Donald Trump is a bully. During his campaign, the US presidential candidate attacked women, the disabled, Mexicans, and immigrants of all stripes. But it’s not the first time the internet has seen these actions. Since 2014, online harassers from the so-called “alt-right” group known as Gamergate have been following the same road map. They and those who stood by them and did nothing gave us Donald Trump. But together, we can stop them.
Gamergate is a loose collection of disaffected (mostly) men who have used the issue of ethics in gaming journalism as a pretext to harass and attack women and many minority groups. The movement got its start in 2014 when a young man wanted to exact revenge on his ex-girlfriend. What started as a simple blog post became a campaign of harassment spearheaded by anonymous users on platforms like Reddit and 4chan. Gamergate has since used Twitter and other social-media platforms to lob misogynistic, homophobic, and anti-Semitic attacks on its critics.

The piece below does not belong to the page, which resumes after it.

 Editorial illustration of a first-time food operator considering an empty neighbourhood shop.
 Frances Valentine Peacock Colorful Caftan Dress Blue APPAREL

The Gamergate playbook is simple and direct. First, identify a vulnerable target—usually a woman, person of color, or a member of the LGBTQ community—and then highlight their vulnerabilities so that disaffected, mostly white young men can attack them. Continue the attacks until someone pushes back, or the platform of choice shuts it down.
Unfortunately, few stood up to Gamergate, especially in the beginning. The gaming community stayed silent, worried about alienating its core base of young, male consumers. Twitter also took its time creating an online safety protocol; to this day it still struggles to leverage its power to shut down harassers when they violate the platform’s rules.

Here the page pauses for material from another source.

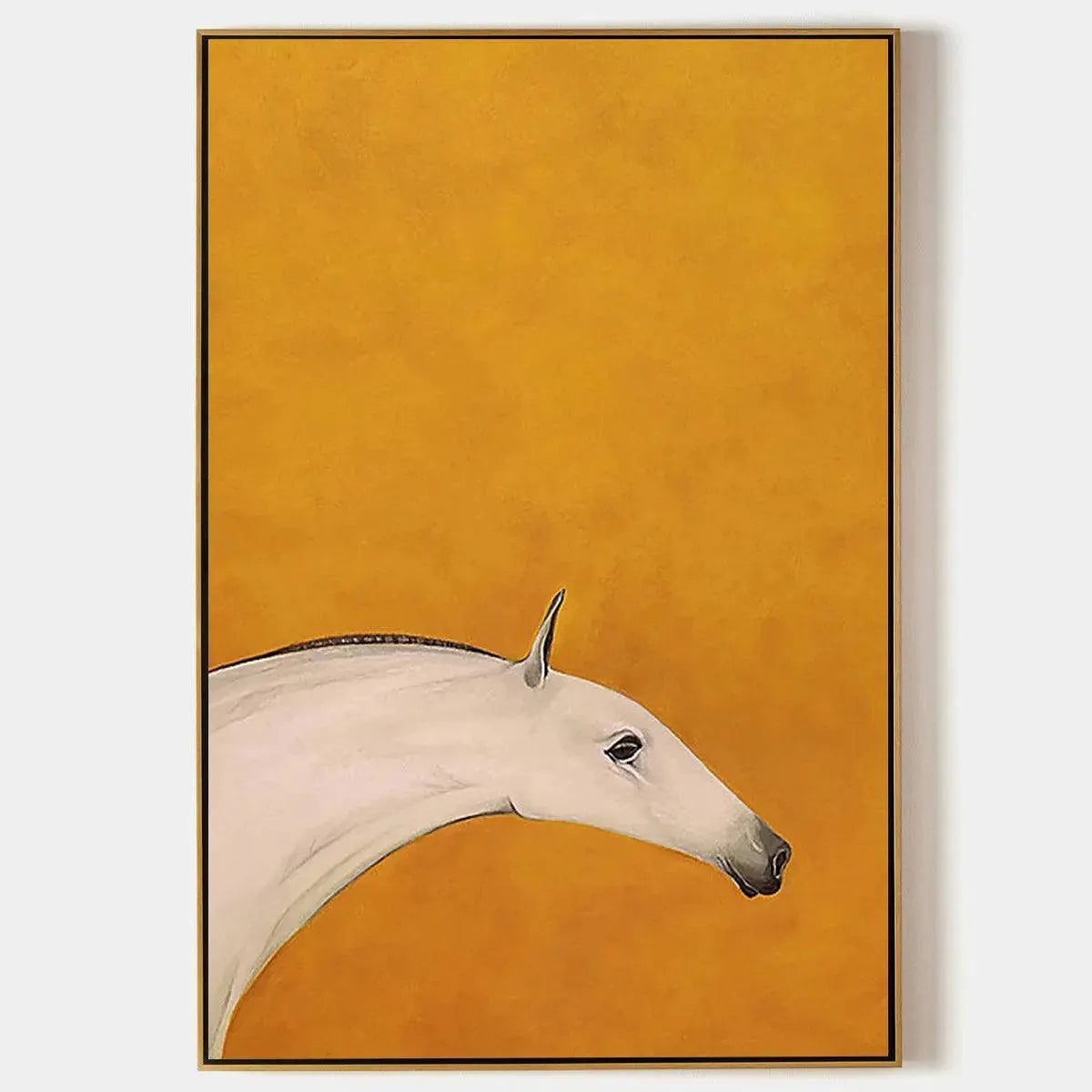 White Horse on Yellow by Javier Ramirez: Minimalist horse art, vertical wall decor, museum-quality oil painting.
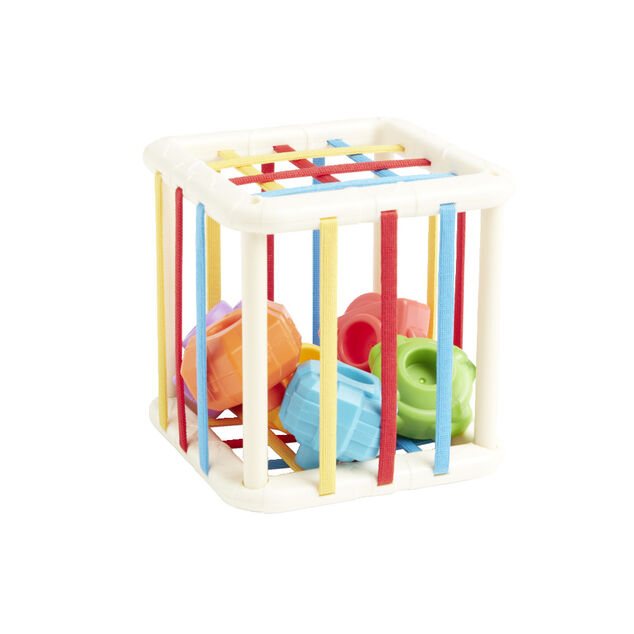 Jeu de motricit&eacute; fine cube et formes 6 pi&egrave;ces 11x11x11cm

In response to criticism, Gamergate deflected. Gamergate harassers blamed their victims, saying their targets were at fault, sensitive, weak, and unable to stand even the softest criticism. Most insidiously, Gamergaters claimed that they were the real victims: They were simply protecting themselves from censorship, political correctness, and elite culture warriors who didn’t “get” their community.
Sound familiar?
Throughout his campaign, Trump has identified marginalized targets, all of whom are “others” relative Trump’s core of disaffected white male voters. He then lead by example, publicly taunting and criticizing his targets.

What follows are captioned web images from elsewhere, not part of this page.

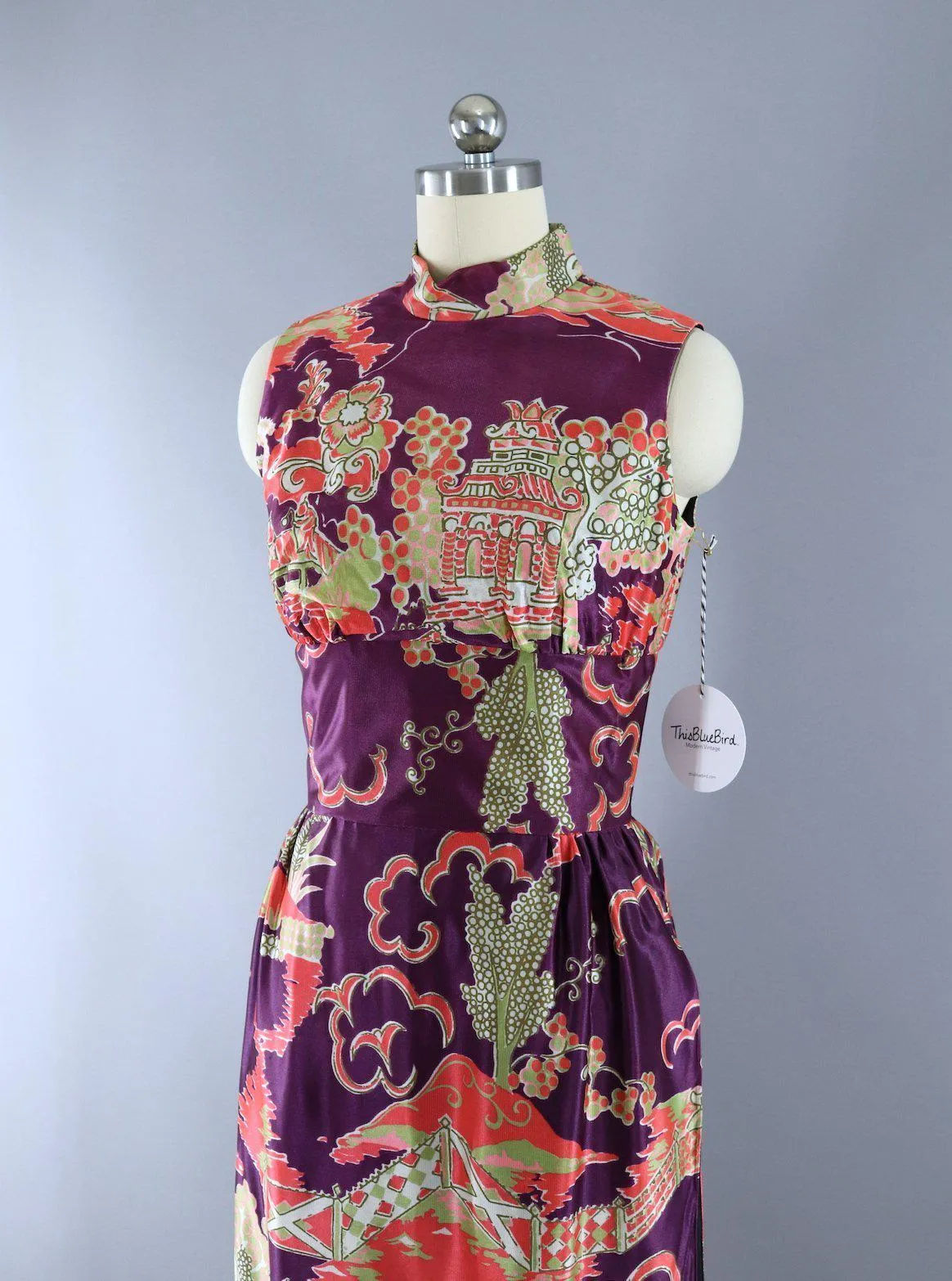 Vintage 1960s Vietnamese Ao Dai Tunic Dress / Purple Pagoda Print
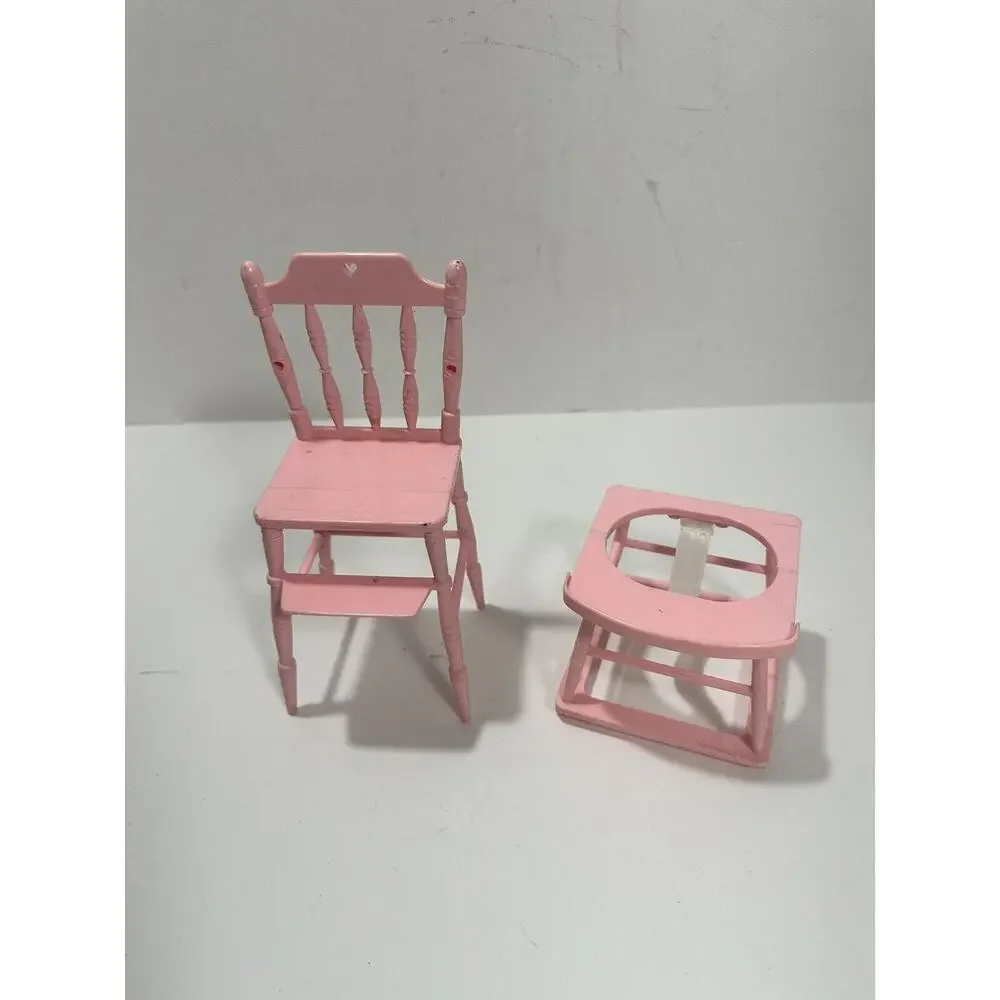 VTG 1988 Galoob Bouncin Baby Doll Pink Plastic Walker‎ w/ wheels + Chair
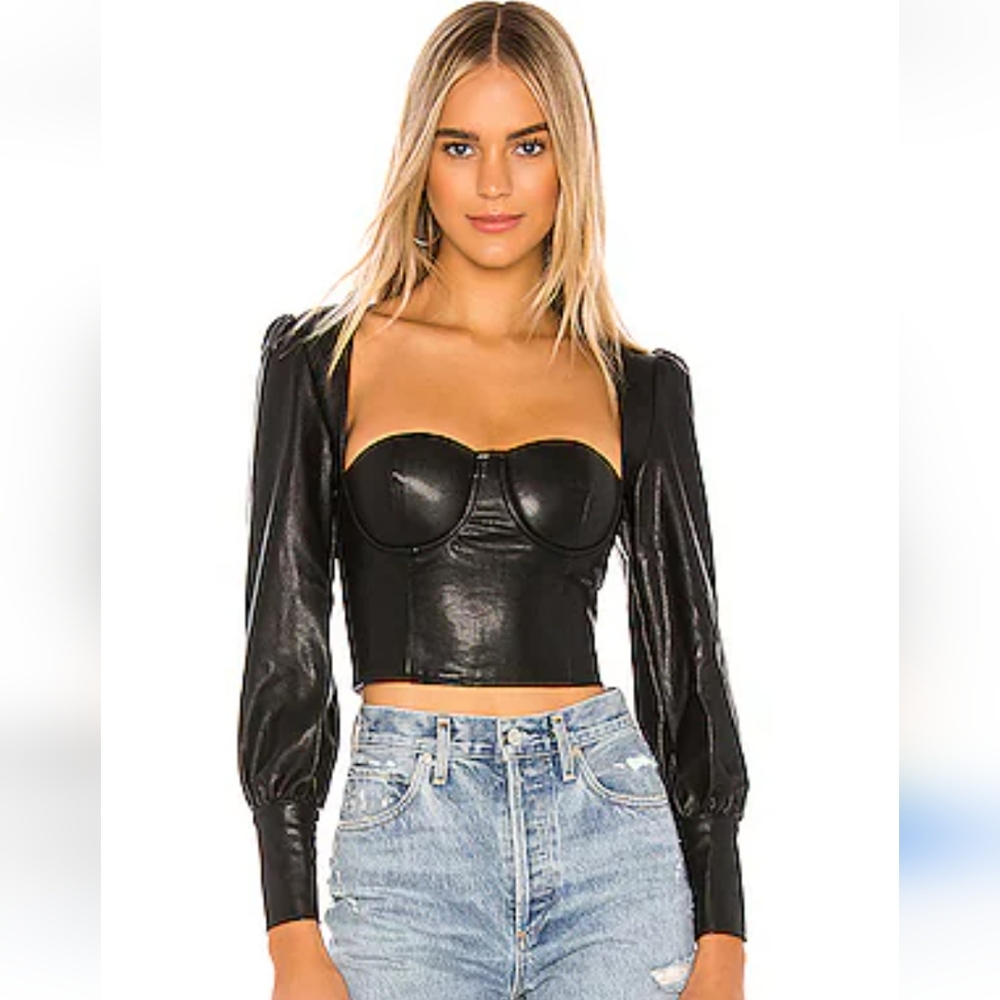 Revolve NBD Black Faux Leather Top Size XS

As with Gamergate, few stood up to Trump until it was too late. The Republicans he bested during the primary failed to call out his racism and misogyny, worrying about upsetting his supporters. The media copied and pasted his tweets as headlines and failed to identify his lies. By the time Hillary Clinton went on the attack in the months preceding the November election, the damage had already been done.
And Trump deflects, too. He calls the media “fake” when it criticizes him. He calls Democrats “sore losers,” claims he was the victim of massive voter fraud, and lashes out at “liberal elites” for ganging up on him.
Gamergate and Trump both succeeded by playing to insecurities and anxieties while simultaneously offering up soft targets onto whom they could vent their frustrations. Once drawn in, alt-right internet echo chambers and hyper-partisan news outlets like Breitbart exposed these men to consistent diets of fake or sensationalized news and conspiracies. The fact that Steve Bannon, the white nationalist and Breitbart founder, is now Trump’s chief adviser means this pattern will almost certainly continue.
The first step toward stopping Trump and his alt-right supporters online is to stand up to them. Instead of allowing online harassers to identify targets and scapegoats, internet companies have a responsibility to eradicate neo-Nazis, racists, and misogynists from their platforms.
And the law must take online hate and harassment more seriously, too. Massachusetts Congresswoman Katherine Clark has proposed a series of bills, including one to help train law enforcement to help victims of cyberharassment, that collectively establish real consequences for online harassment. This is a good first step, and should be replicated elsewhere.
Meanwhile, media outlets and political opposition must resist, call out, and push back against the normalization of hate. Teen Vogue, under the leadership of Elaine Welteroth, is pursuing a dynamic journalistic agenda on issues important to young women and calling Trump and his team on their lies. Politically, New Jersey Senator Cory Booker recently broke with tradition and testified against his Senate colleague Jeff Sessions’ nomination for Attorney General; he believed that Sessions’ racist past and lack of “courageous empathy” made him an unacceptable guardian of the civil rights of marginalized groups. And we must make that known.
Lastly, American voters have a responsibility to help stop Trump as well. There is no silver bullet for solving the alt-right problem. But bullies succeed in seas of bystanders. It’s time to stand up and be heard, online and in Washington.